■ **Records for this task**:

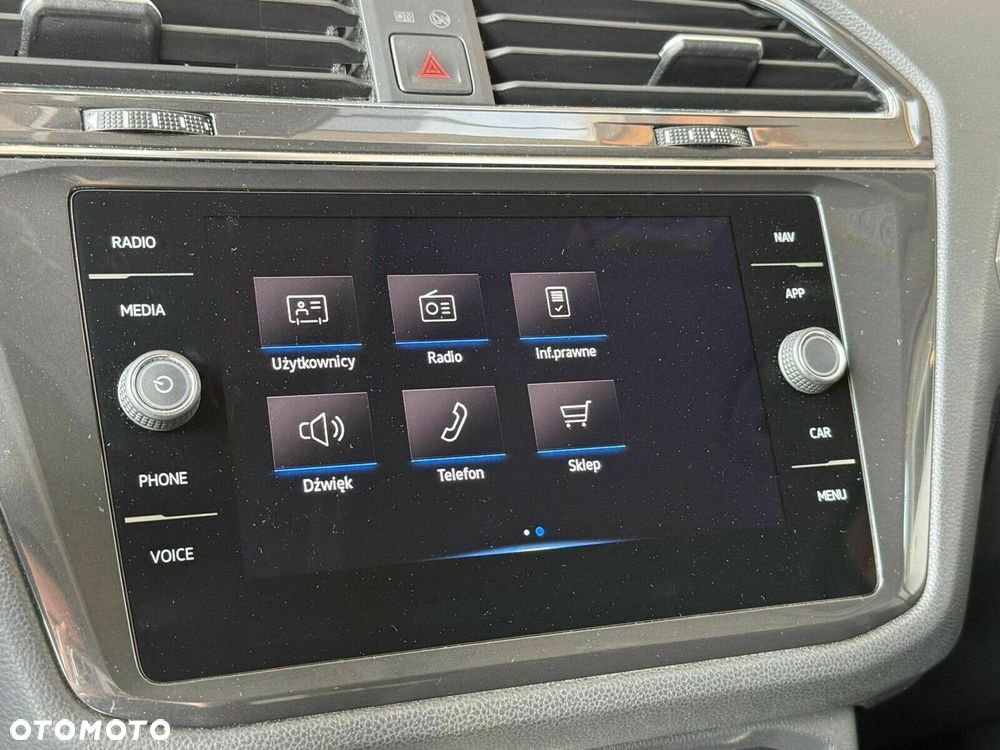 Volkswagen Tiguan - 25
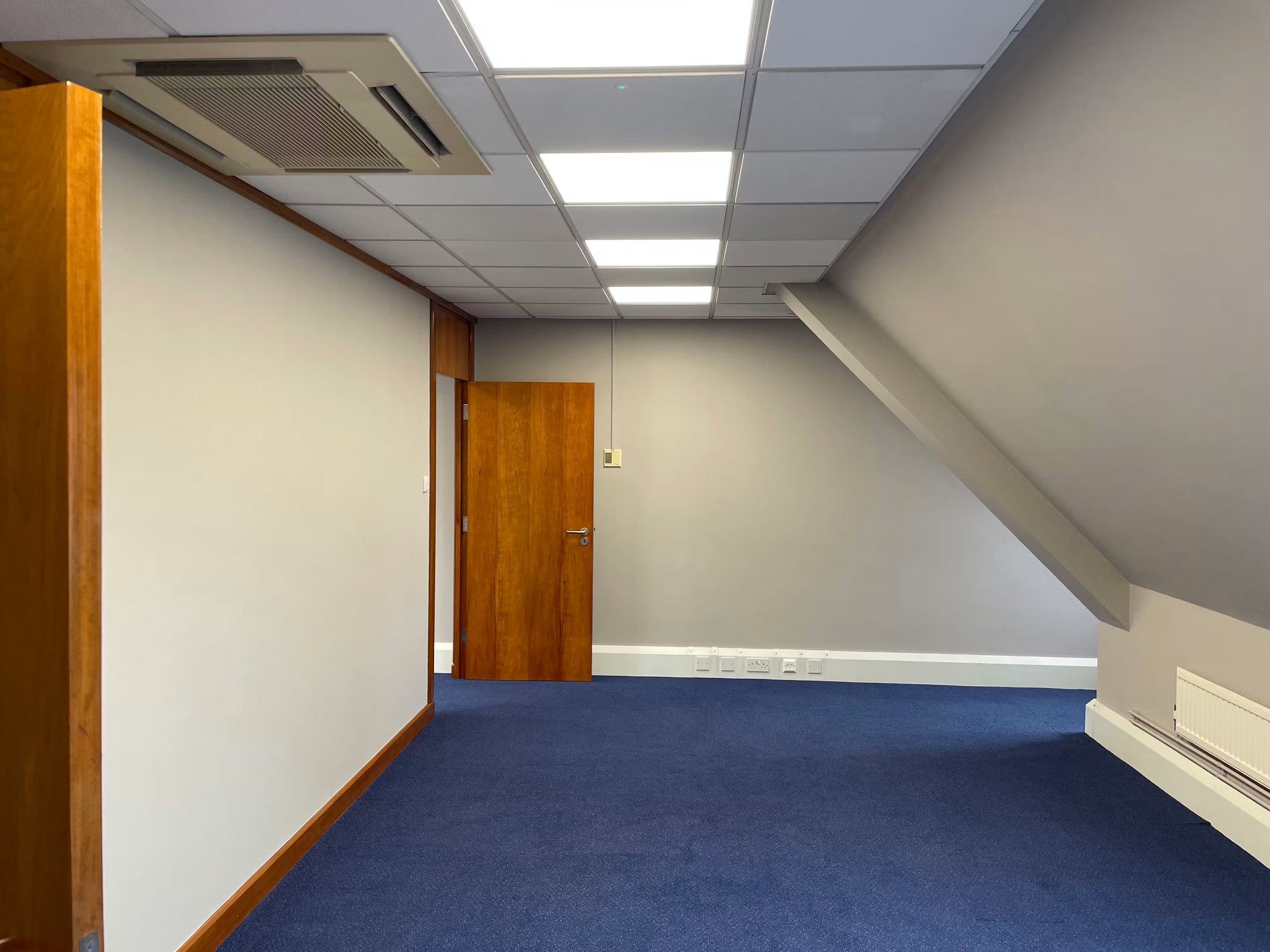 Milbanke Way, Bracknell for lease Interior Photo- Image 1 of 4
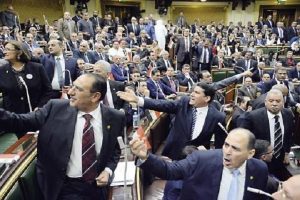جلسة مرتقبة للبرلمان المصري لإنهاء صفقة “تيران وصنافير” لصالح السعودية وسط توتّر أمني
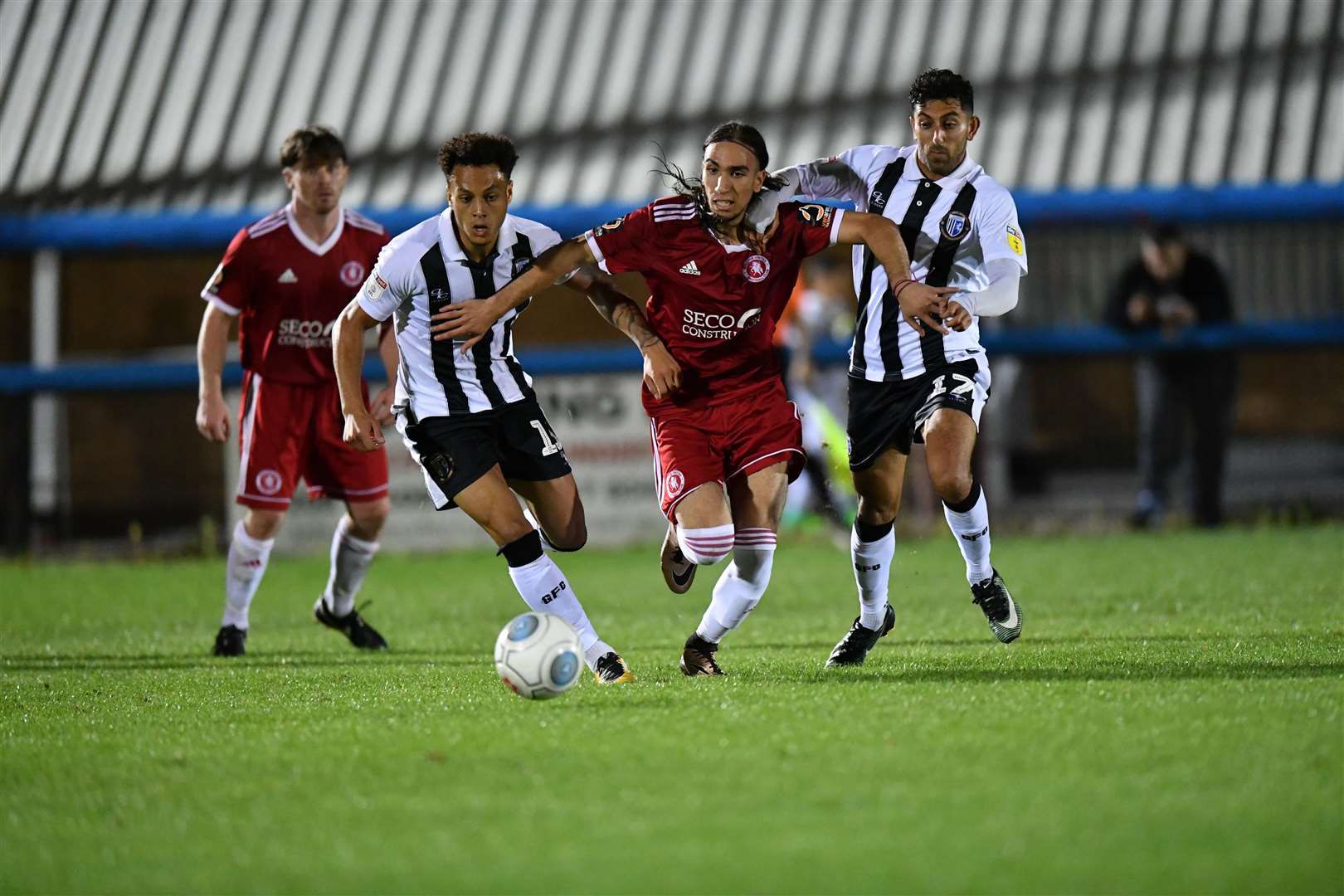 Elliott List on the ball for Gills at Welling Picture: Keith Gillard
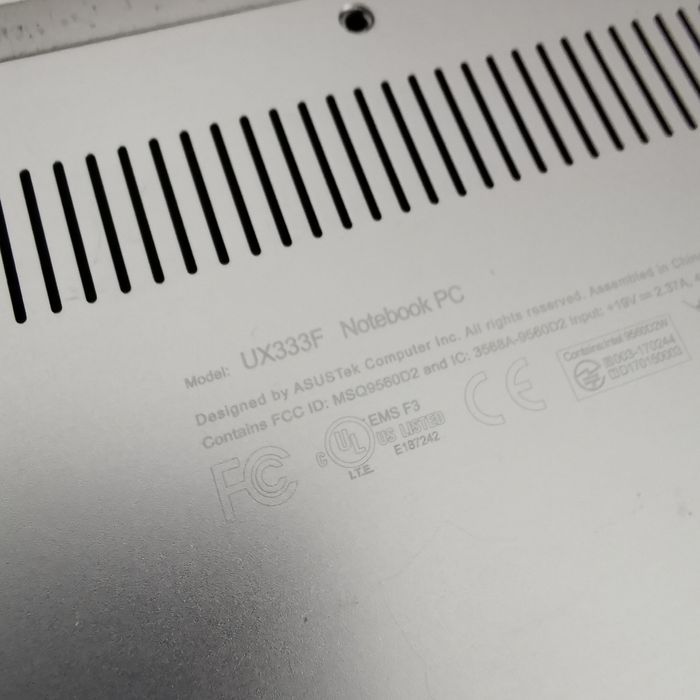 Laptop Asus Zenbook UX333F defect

■ **Problem description**: Set down every entry above verbatim, without pictures.

■ **Answer**:
 Volkswagen Tiguan - 25
 Milbanke Way, Bracknell for lease Interior Photo- Image 1 of 4
جلسة مرتقبة للبرلمان المصري لإنهاء صفقة “تيران وصنافير” لصالح السعودية وسط توتّر أمني
 Elliott List on the ball for Gills at Welling Picture: Keith Gillard
 Laptop Asus Zenbook UX333F defect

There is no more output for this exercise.